→ WHAT YOU SHOULD DO
Transcribe, word for word, all of the entries below, and exclude any pictures from the copy.
Top of RECORDS FOR THE EXERCISE
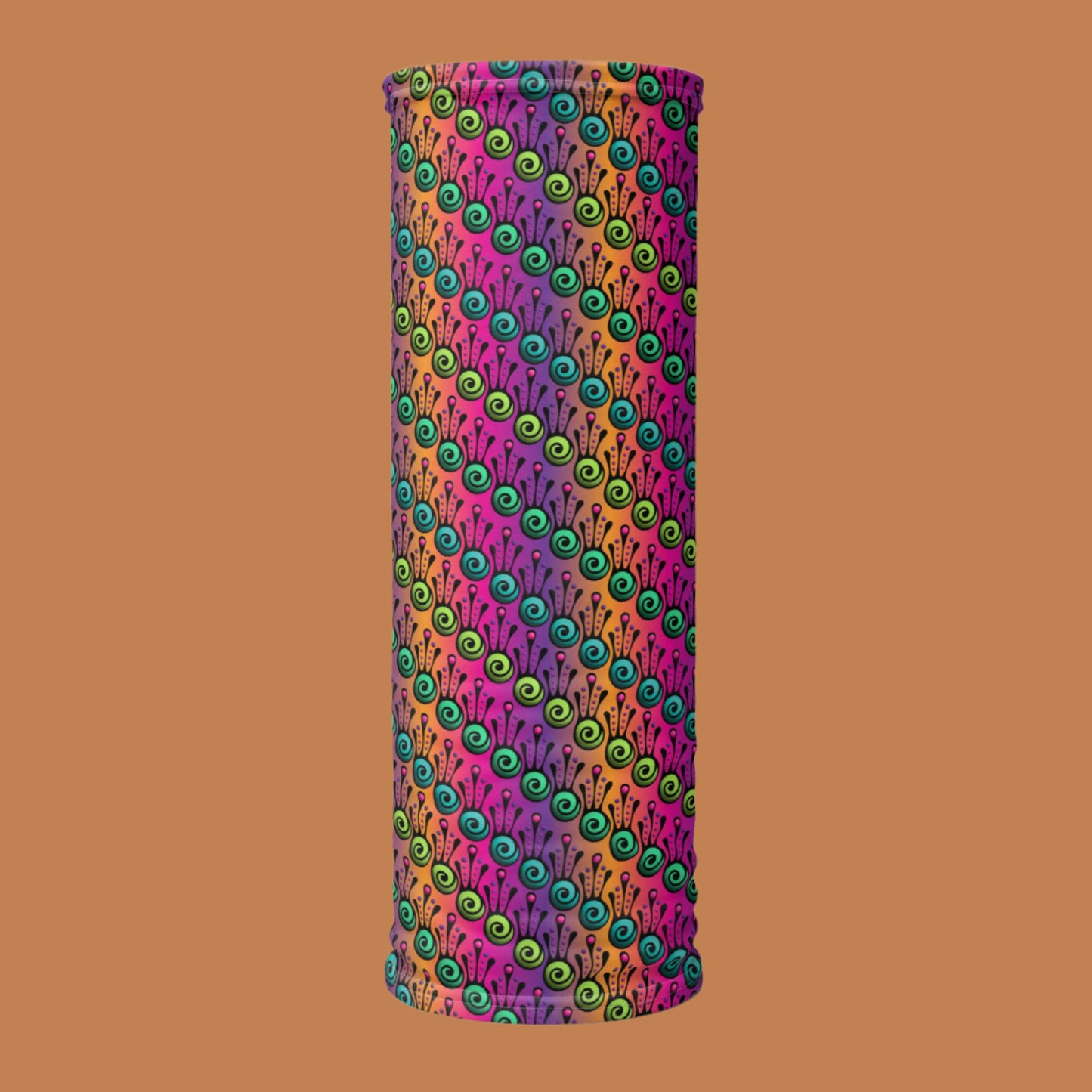 An image of a vibrant tribal frog neck laid flat vertically, against a burnt orange background. The fire tribal frog design is an abstract pattern with a blended purple, pink and orange background. The abstract detail is coloured in different shades of green.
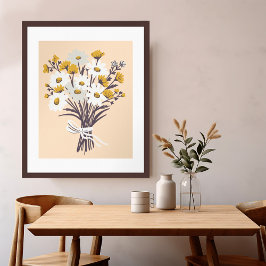 Söt Daisy Bouquet Retro Modern Colorful Art Poster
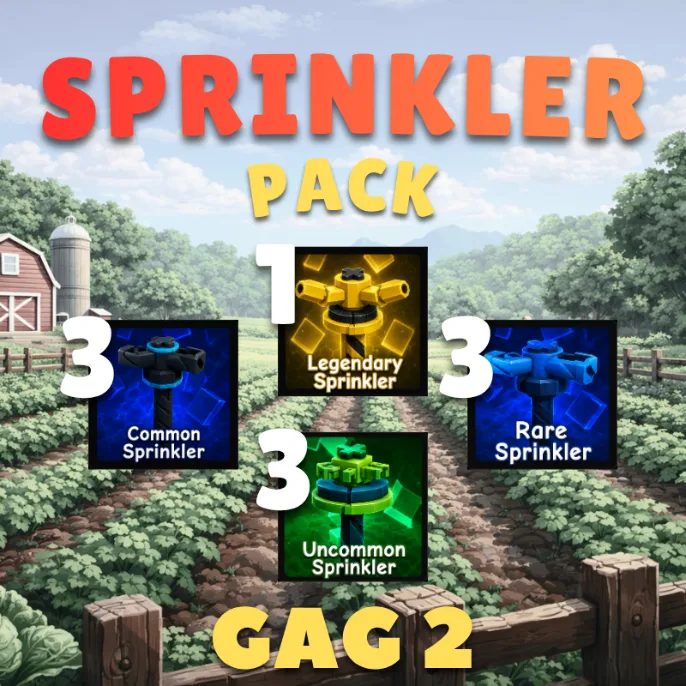 SPRINKLER PACK - 1 LEGENDARY, 3 RARE, 3 UNCOMMON, 3 COMMON SPRINKLER - GROW A GARDEN 2 — Account account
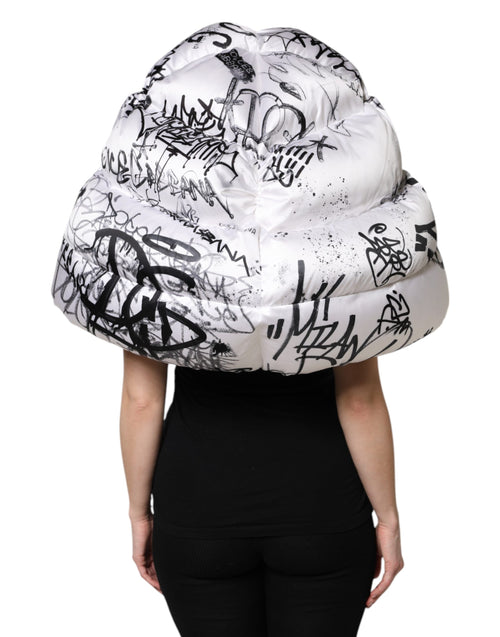 Dolce & Gabbana White Polyester Printed Hood Quilted Hat - ClickThatClicks 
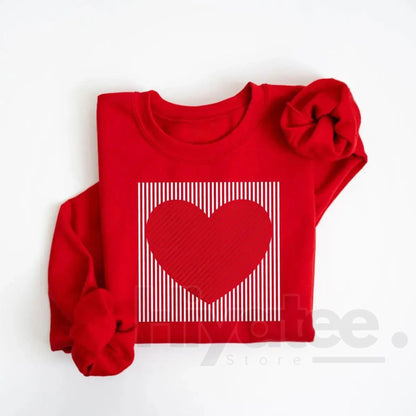 Retro Valentines Heart Sweatshirt: Cute Love Crewneck for Teachers, Moms & Women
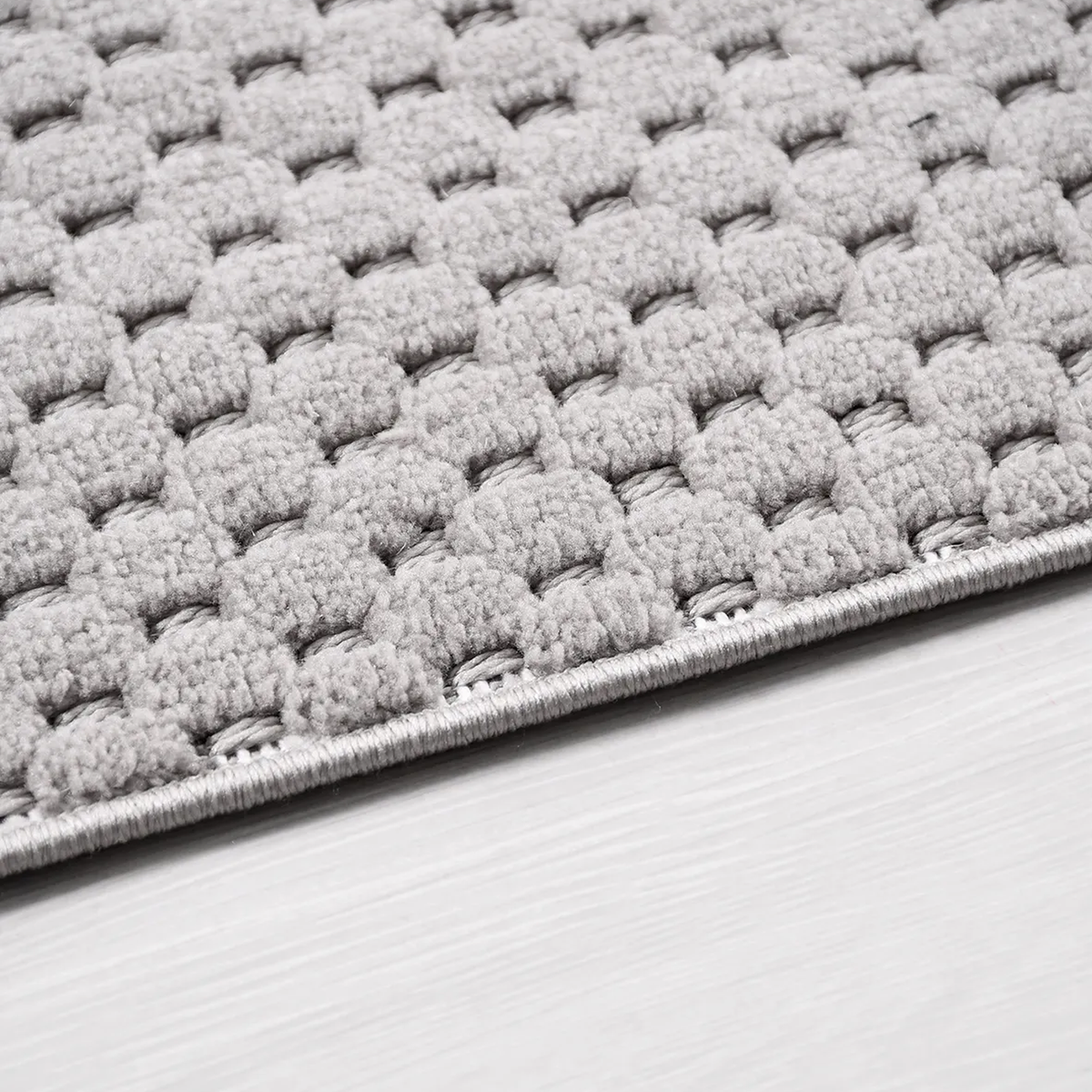 SHARED | Borage Grey Ivory Modern Geometric Machine Woven Living Room photo 2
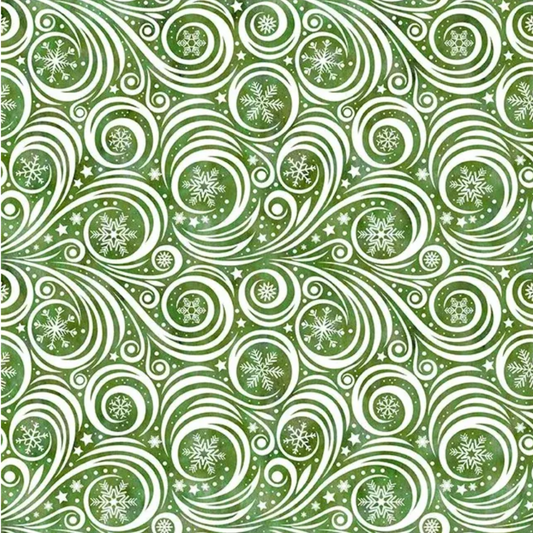 Winter Solstice II Green on White Snow Swirl quilting cotton with elegant green swirl pattern on white background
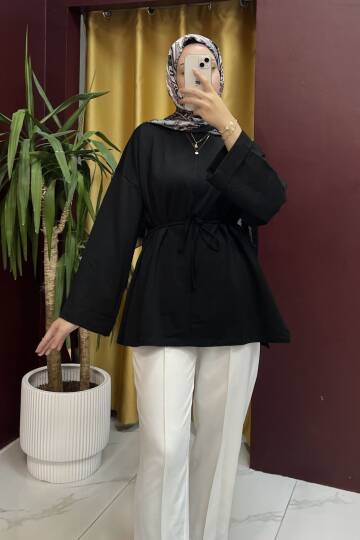 Dikiş Detaylı Yırtmaçlı Sweatshirt Siyah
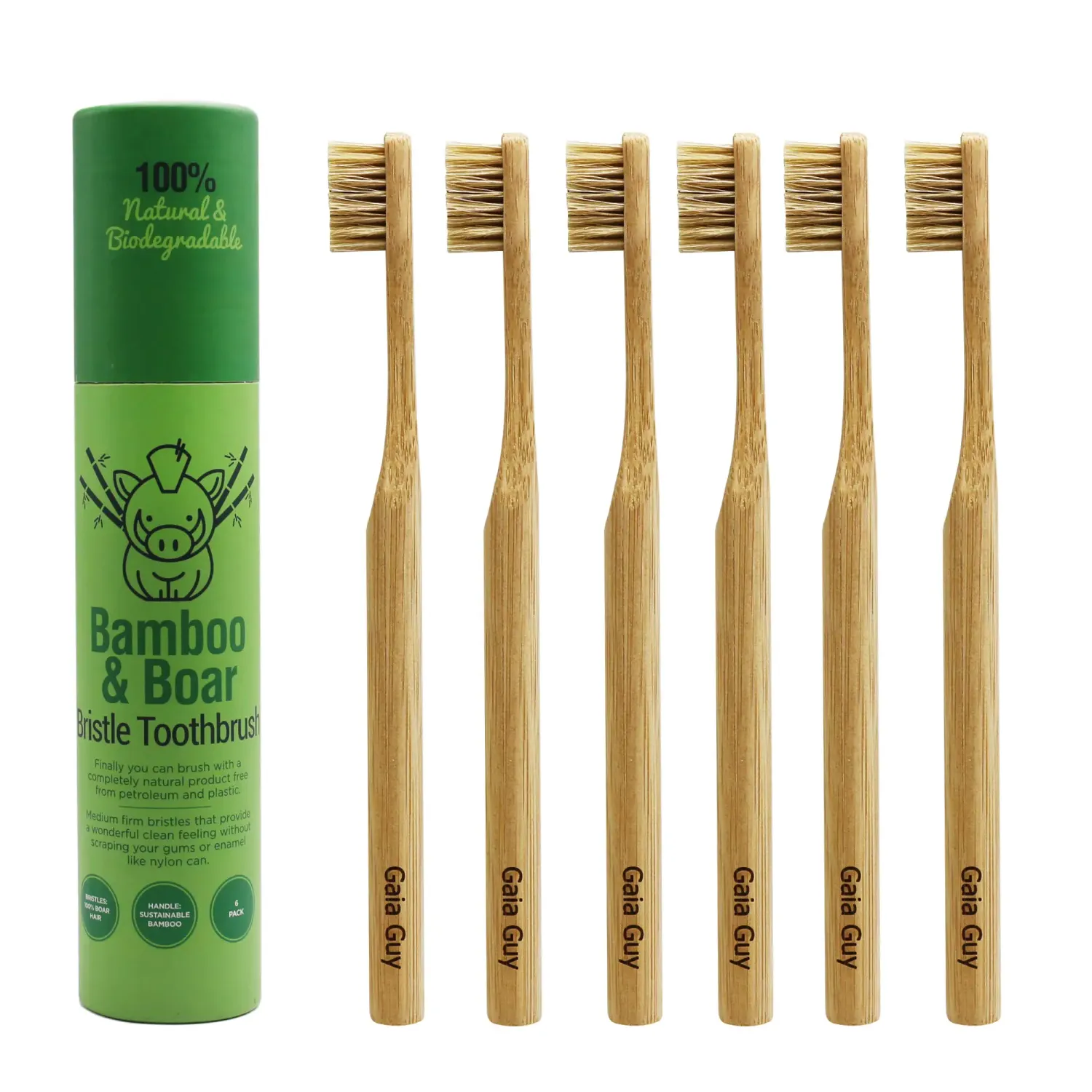 ZippFree™ Natural Bristle Bamboo Toothbrush 6-Pack (Boar Hair Only)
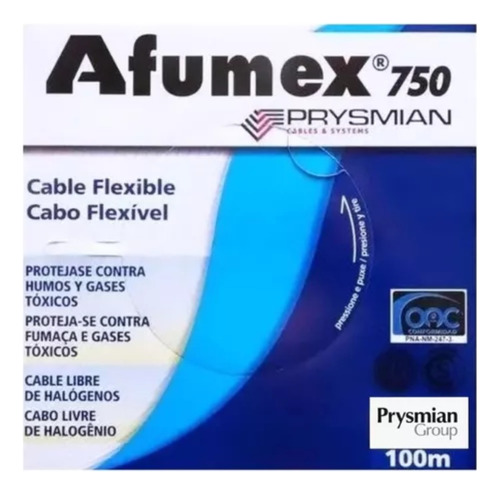 Cable Unipolar Libre Halogeno Afumex 2.5mm Celeste X Rollo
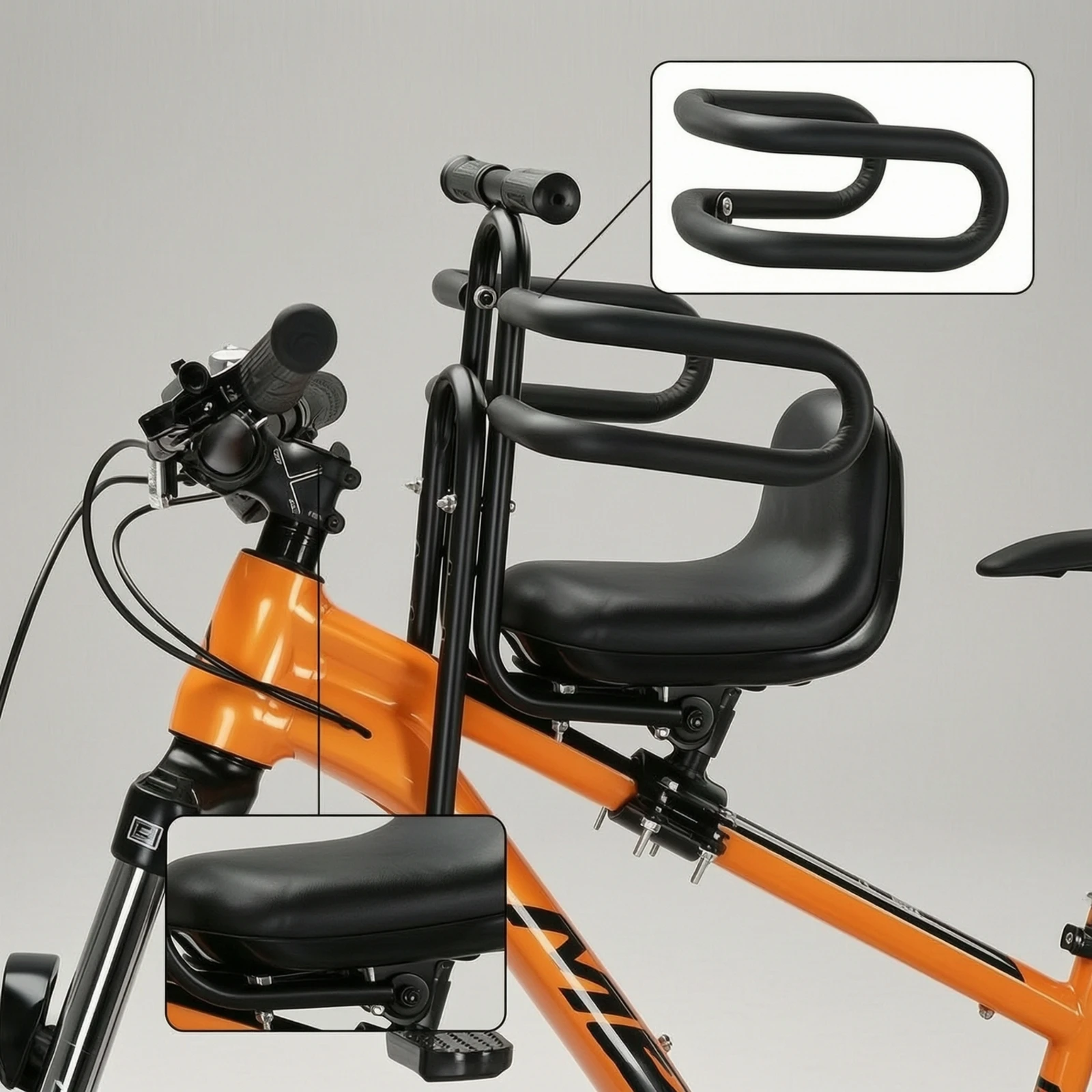 Child Bike Seat with Guard Rail Padded Child Bike Seat with Guardrail Safety Soft for Toddlers, City Commuting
Bottom of RECORDS FOR THE EXERCISE
→ ANSWER FOR THE TASK
 An image of a vibrant tribal frog neck laid flat vertically, against a burnt orange background. The fire tribal frog design is an abstract pattern with a blended purple, pink and orange background. The abstract detail is coloured in different shades of green.
 Söt Daisy Bouquet Retro Modern Colorful Art Poster
 SPRINKLER PACK - 1 LEGENDARY, 3 RARE, 3 UNCOMMON, 3 COMMON SPRINKLER - GROW A GARDEN 2 — Account account
 Dolce & Gabbana White Polyester Printed Hood Quilted Hat - ClickThatClicks 
 Retro Valentines Heart Sweatshirt: Cute Love Crewneck for Teachers, Moms & Women
 SHARED | Borage Grey Ivory Modern Geometric Machine Woven Living Room photo 2
 Winter Solstice II Green on White Snow Swirl quilting cotton with elegant green swirl pattern on white background
 Dikiş Detaylı Yırtmaçlı Sweatshirt Siyah
 ZippFree™ Natural Bristle Bamboo Toothbrush 6-Pack (Boar Hair Only)
 Cable Unipolar Libre Halogeno Afumex 2.5mm Celeste X Rollo
 Child Bike Seat with Guard Rail Padded Child Bike Seat with Guardrail Safety Soft for Toddlers, City Commuting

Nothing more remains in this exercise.